Note: This is a re-blog of a post I did back in 2018, which itself was inspired by an informal project of translation of Martin Luther's 95 Theses I worked on over the 500th anniversary of the event. I recently had a favorable comment on the post and revisited it. I think it's worth sharing again. The more I think about history, the more grateful I am for Martin Luther's courage all those centuries ago. He changed the world.
Sunday, October 31, 2021
Saturday, October 30, 2021
I have let life pass too long without posting, and not for lack of things to say. I'm a writer, and I'm constantly writing, but when it stays in my head without getting into printed form one way or another, it's not good for me. When I verbally express myself to those closest to me, it helps me but may not necessarily help them to know my head is filled with such a whirl. And when it gets into printed form but it's only by private text or email, I tend not to bother with the more abstract thoughts because they aren't beneficial for the recipients. And when I post it on social media, it's like skipping rocks into a sea of mostly inane, revenue-generating (but not for me) videos. So, I am attempting to dust off my long-neglected little blog. Whoever wants to read, can read, and if not, I still get the same mental benefit. Solvitur scribendo.
But first, a life update.
Steve works from home since the very beginning of the pandemic. They keep talking about moving back to the office, but it won't happen for awhile. He bought a standing desk and stool from IKEA and added a reading chair; the former guest room is now his office, with bookshelves and a single bed so it can (and has been!) used as an extra guest room. He can teach design school from there when called upon to do so, and has phenomenal discipline to get up early and start work every morning about 6:00. We enjoy taking walks together over his lunchbreak. Our neighborhood is good for walking and is pretty safe. Our church's neighborhood in Portland, sadly, is another story, but that rant is for another time.

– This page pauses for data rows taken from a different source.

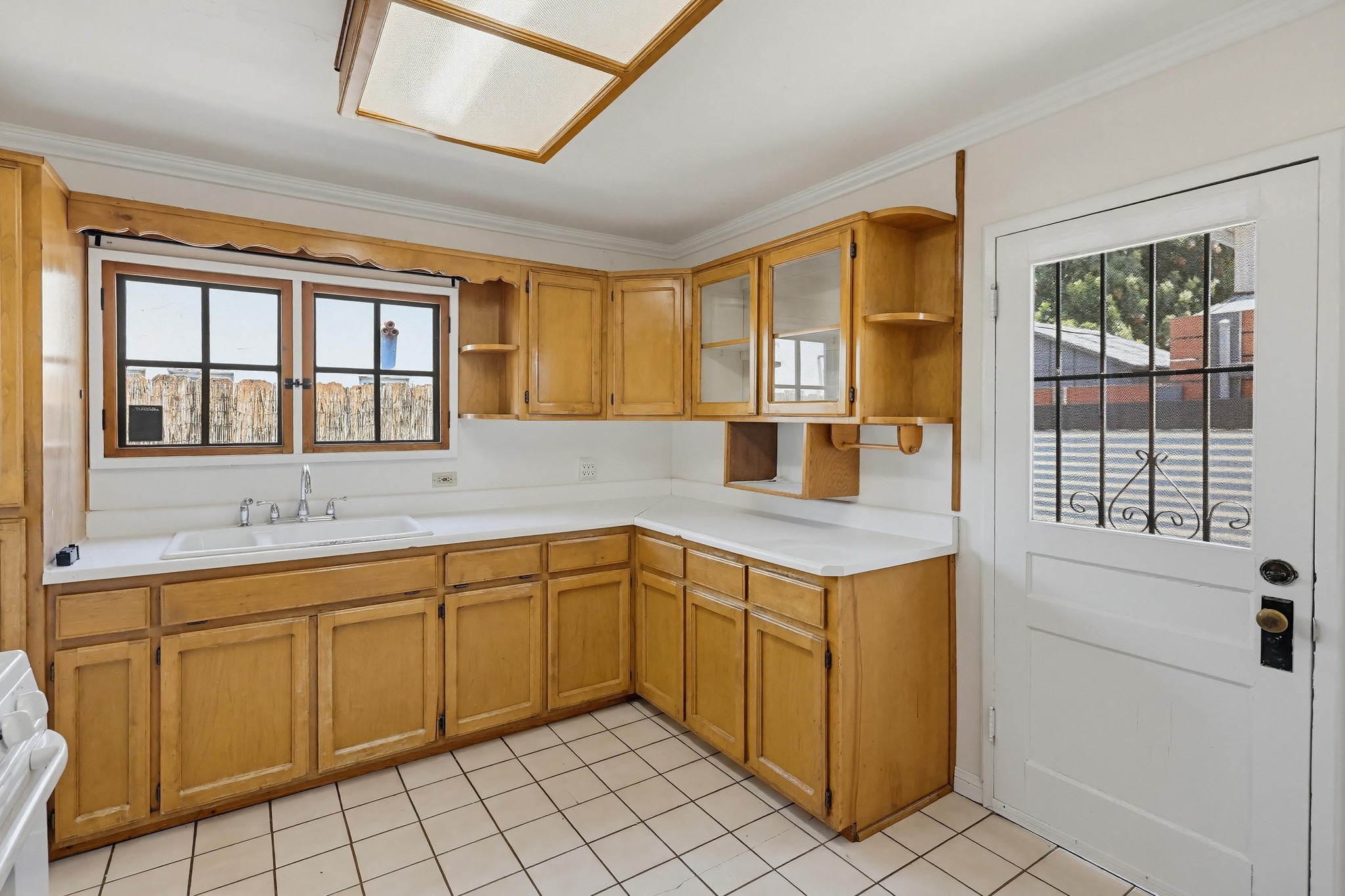 Virtual tour photo 18 of 47 for 527 K Ave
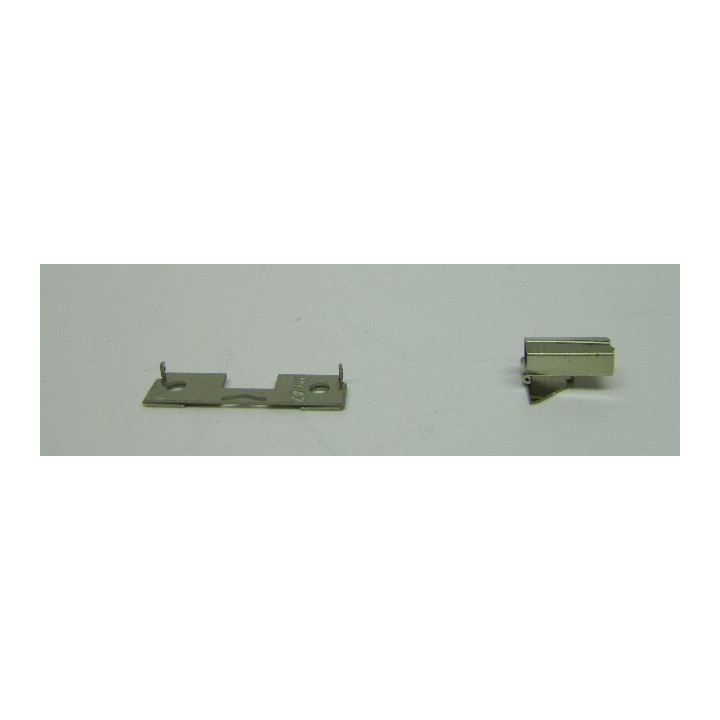 2 attelages NEM à élongation en kit pour 141R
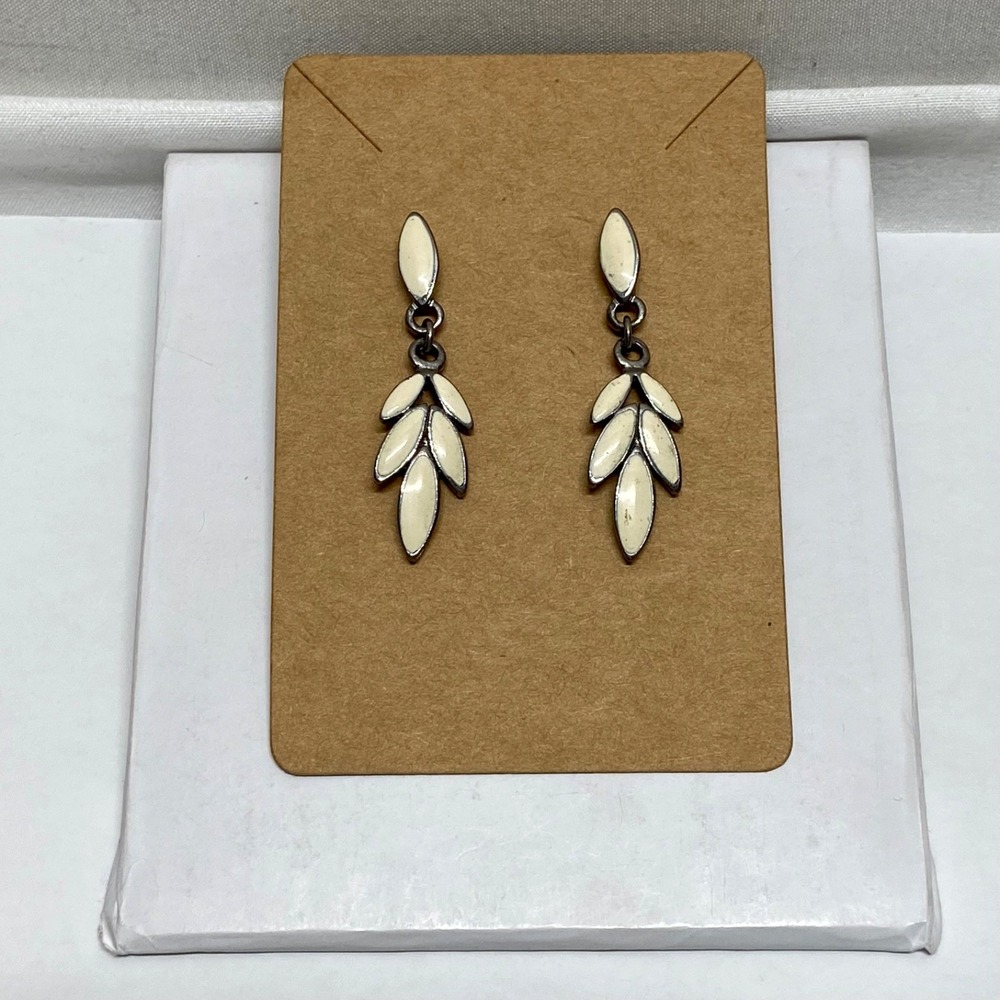 Vintage Trifari Dangle Earrings 1.25" Off White Paint Silver Tone Post Retro EUC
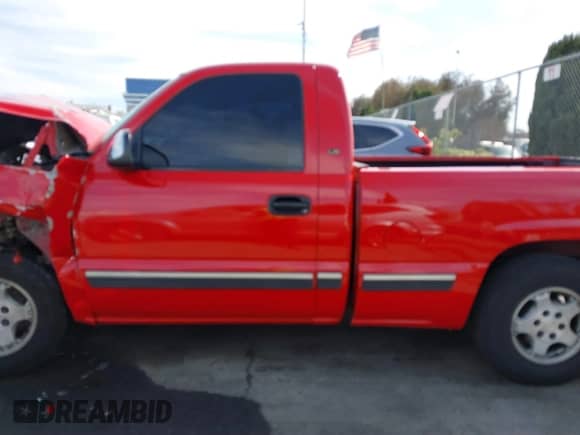 2000 Chevrolet Silverado 1500 LS with VIN 1GCEC14W2YZ356586, listed as a IAAI auction lot 41722379 with Not provided miles and . Bid and sale history available at DreamBid. Image 15.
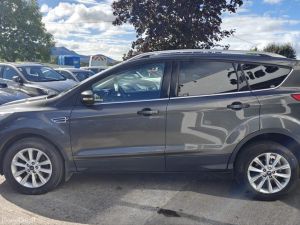 Ford Kuga 2.0TDCI 120PS Titanium - Image 4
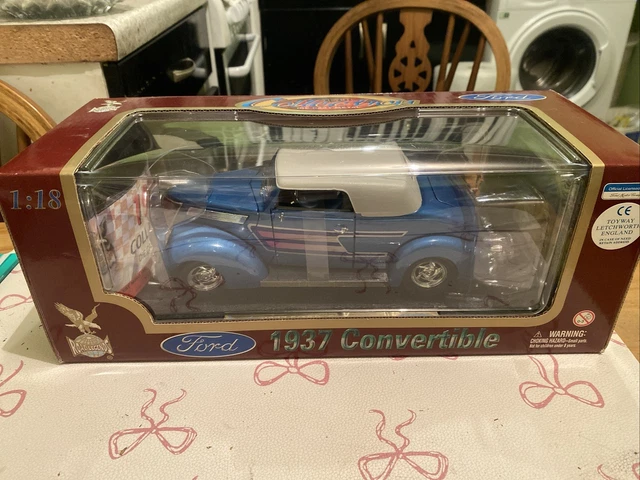 Road Signature 1/18 Ford Convertible 1937 Bleu Diecast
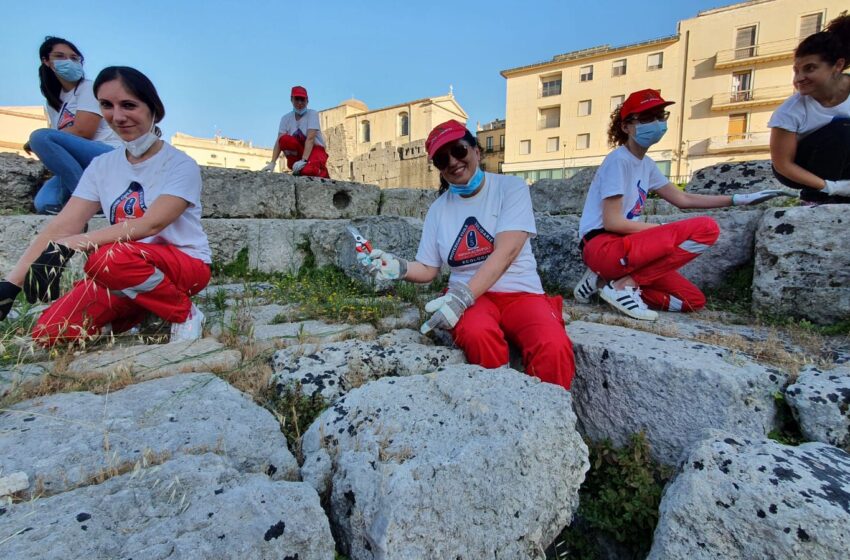  Siracusa. Ripulito il Tempio di Apollo, un esercito di volontari al lavoro con Nuova Acropoli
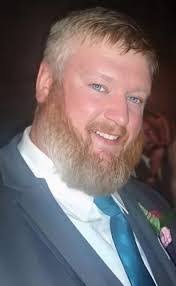 Lee Dowd's Instagram, Twitter & Facebook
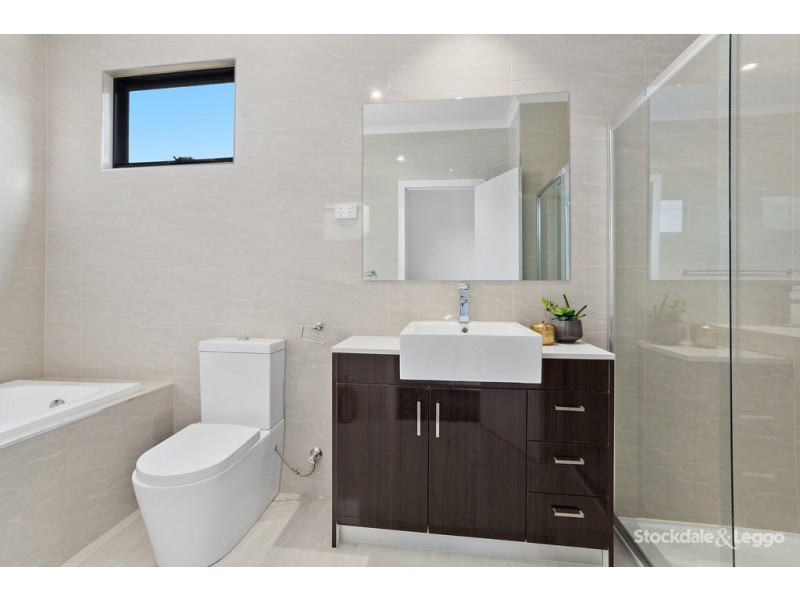 2/121 Widford Street, Glenroy VIC 3046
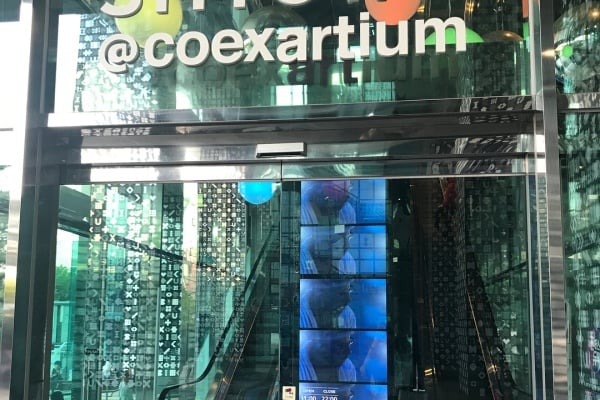 K-Pop[EXO官方紀念品商店，在首爾的各個角落尋找EXO的足迹]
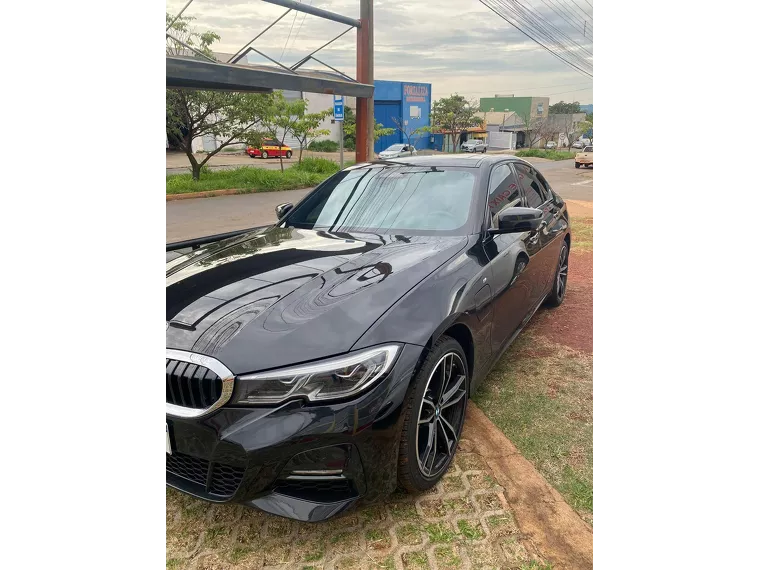 BMW 330e Preto 1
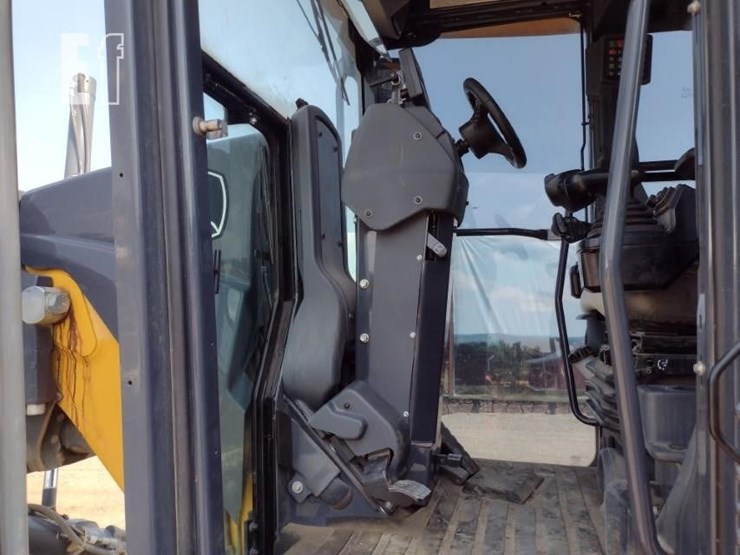 2020-deere-670gp-image-14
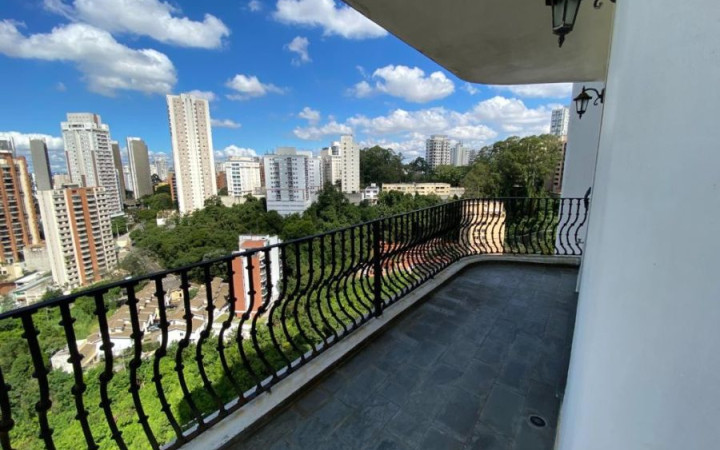 Apartamento Alto Padro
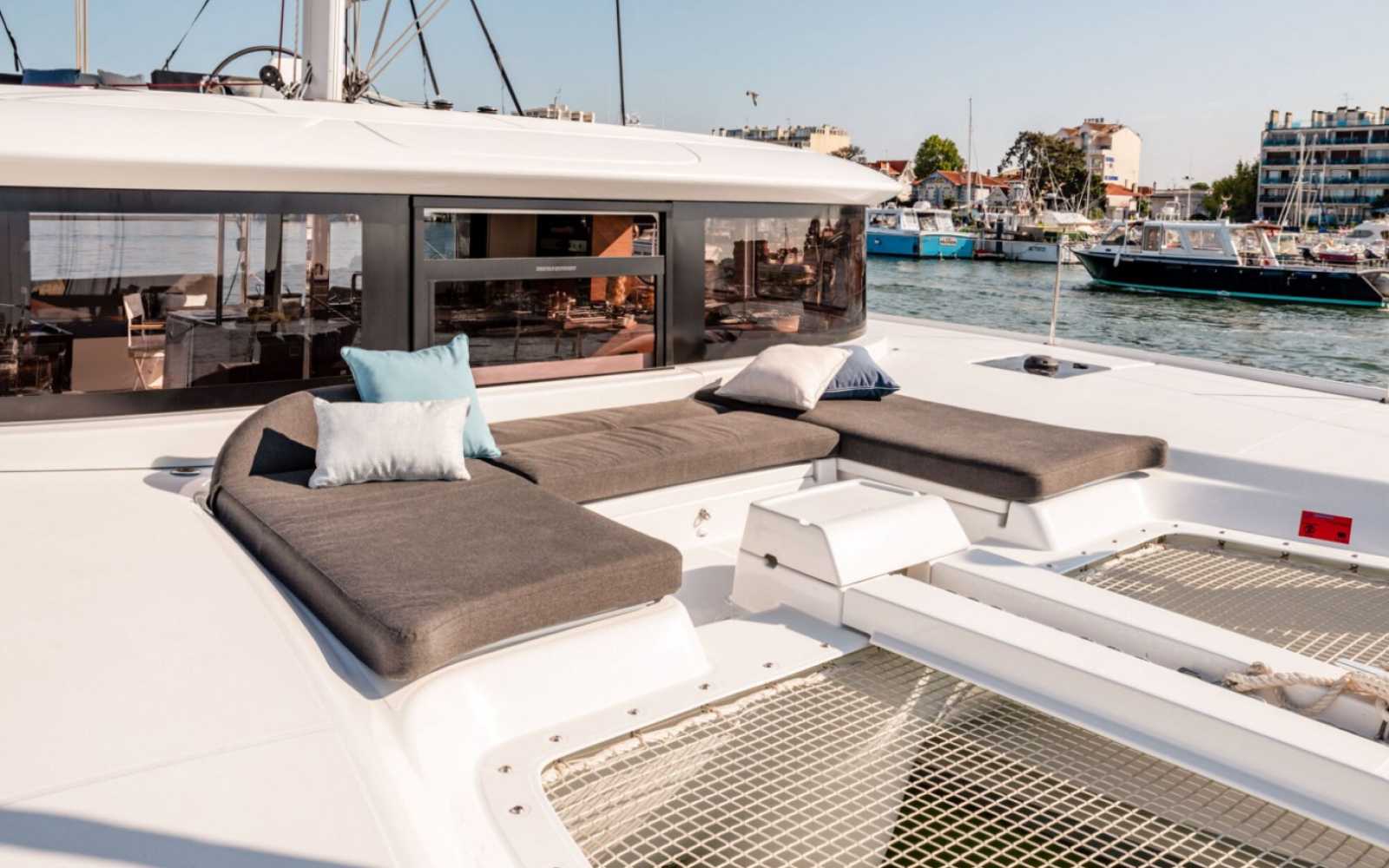 Lagoon 46 "blue Regeneration"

I am so grateful I got out of teaching when I did. I have a fear and loathing of Zoom teleconferencing which surpasses my fear and loathing of using the telephone. I would not have lasted a week of virtual teaching. I have thought a few times of offering to help start one of those homeschool "pods" that I hear about, but kick myself immediately after. I have subbed a few times at CT, and I love the energy and enthusiasm of the young folks. And slept the sleep of the utterly exhausted and too-old-to-keep-up-with-the-young-folks afterward. As the pandemic has wound on, I have come to realize that my life has changed and I am both an empty-nester and one whose nest is never quite empty. So I mentally exist in this sort of limbo where I can't really plan things, or get rid of things that need to be gotten rid of, and it's hard to do any deep cleaning (which is actually fine by me, but not so great for the overall quality of life of anyone who lives here). I fill my days nicely, but there is always something missing. I think it is the peace of mind that comes from knowing that we live in a free country. But that would be a "political Tuesdays" post. I quilt, knit a little, and have become quite fond of genealogy. I'll have to talk about WikiTree sometime, it's fabulous and I spend a lot of time there.
Our firstborn son is married, as of May, and lives with his beautiful bride in Virginia. He's able to work from home with the occasional travel week, and she is entering the clinical rotation phase of her Physician Assistant training. Their wedding was a beautiful event, and her family are lovely people.
Our second son is serving his country abroad. He unfortunately had to miss being the best man at his brother's wedding, but at least he is in a safe enough place that I don't worry about him constantly. We are of course proud of the young man he has become and miss him a lot.
Our daughter is a "supersenior" at her transition education program. She had the graduation ceremony last year but is finally getting some on-site work experience training. She has learned to schedule her own paratransit rides. She works 3 days a week doing baking and general kitchen help at a retirement home, and one day at a comic shop.
Our youngest daughter is a sophomore at UW, where she is studying astronomy, physics and math. She received a scholarship, which is an incredible blessing for all of us, and is active in the Reformed University Fellowship group. She's learning to live quite independently and enjoys the city.
Steve and I have aging parents, which presents a new set of challenges that didn't really exist when I started this blog, and our children are adults starting to live their own lives, which is only appropriate, and so I'll focus less on the kids and more on... other things, yet to be determined, as I move forward. I did write, long ago, that the blog would be eclectic. I at least stand by that.